4. Aggrieved by the assessment order, the assessee preferred an appeal before the Ld.CIT(A), before the Ld.CIT(A), the assesee has reiterated its arguments made before the Ld. AO , along with certain judicial precedents, in respect of disallowances of society charges out of gross rental income. Similarly, the assessee further submitted that insofar as, donations paid to local mandals for Ganesha festival, said expenditure is incurred wholly and exclusively for the purpose of business, because this is a compulsory donation one has to be paid to local mandal in order to run business smoothly.
The Ld.CIT(A) after considering the relevant submission of the assesee and also taken support from the decision of ITAT, Delhi Bench, in the case of Tube Rose Estates (P.) Ltd. 123 ITD 498 (Delhi) [2010] held that if, expenses like society charges is held to be allowable, then numerous other expenses like brokerage professional fees salary or commission of employee/agent, who collects rent can also be have claimed and held to be allowable and this is not mandate of the law. Therefore, he opined that payment of society charges cannot be allowed as deduction, either u/ 23 or u/s 24 except as otherwise provided u/s 24(a) @ 30% on gross rental income. Since, the assessee has claimed deductions towards society charges out of rental income, over and above deductions claimed u/s 24(a), the Ld. AO was right in rejecting the claim of the assesse and accordingly, confirmed disallowances of payment of society charges.

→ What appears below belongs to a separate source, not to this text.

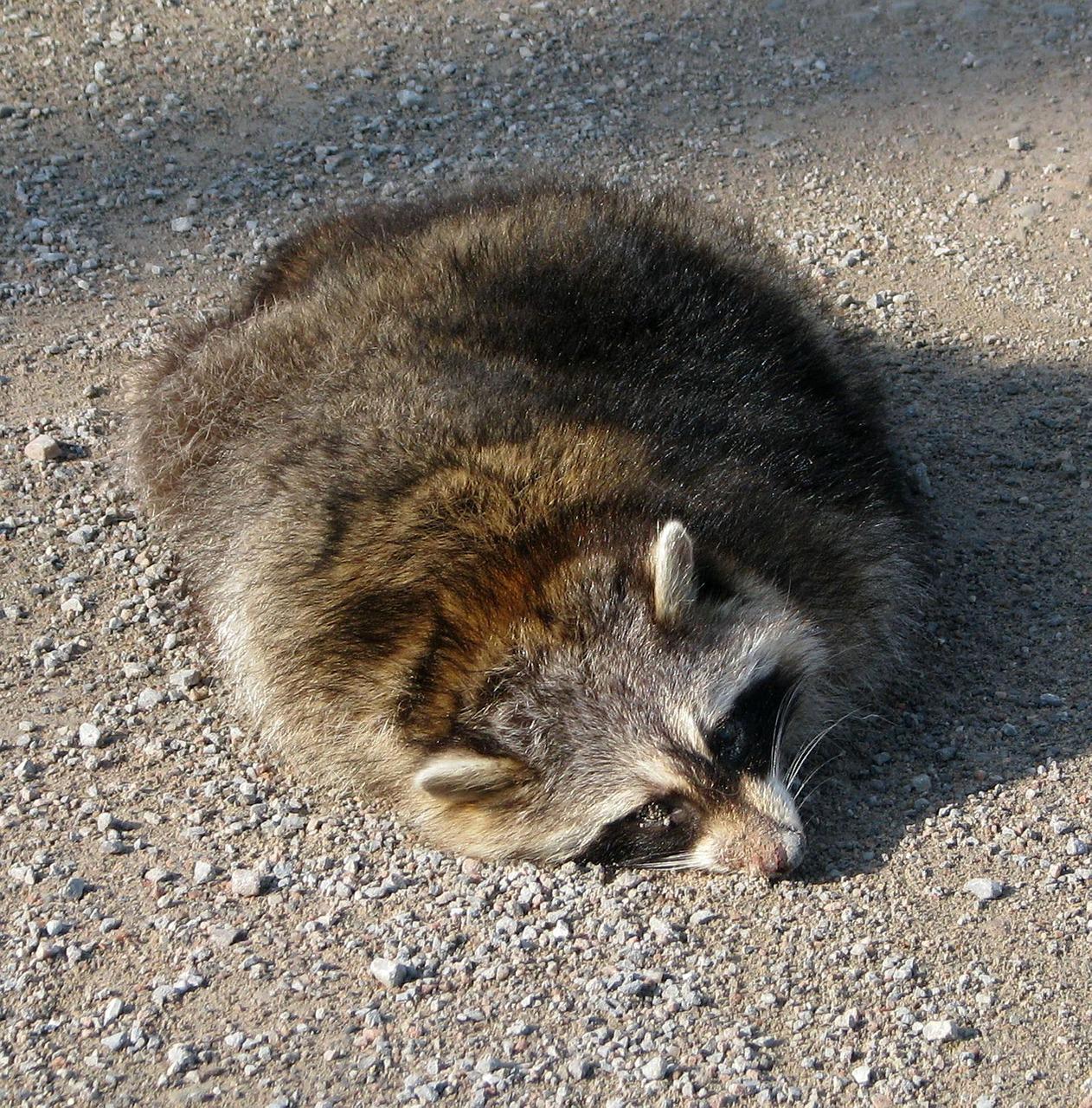 Diese amöbenartige Form nimmt ein Waschbär nur an, wenn es ihm nicht mehr so gut geht. Foto: Bernell auf Pixabay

Insofar as, disallowances of donations paid to local mandals, the Ld.CIT(A) noted that expenditure incurred is not for business purpose, but it is in the nature of personal expenses, because said donations are meant for religious functions. Therefore, the same cannot be allowed as deductions. He, further observed that assesse could have claimed deduction u/s 80G, if the local mandals had the requisite approvals as required under the Act. In absence of the same, the Ld. AO is correct in disallowances of donations of Rs. 13,605/-. Aggrieved by the Ld.CIT(A), the assessee is in appeal before us.
The first issue that came up for our consideration from ground No. 1 of assesee appeal is disallowances of society maintenance charges claimed by the assesee. The facts with regard to the impugned disputes are that the assesee has let out a property at Maple Society, Powai and the income of which is offered to tax under the head income from house property. The assessee has debited society charges of Rs. 83,889/- into the profit and loss account. The Ld. AO has disallowed said charges, on the ground that expenses related to income from house property cannot be allowed as deduction.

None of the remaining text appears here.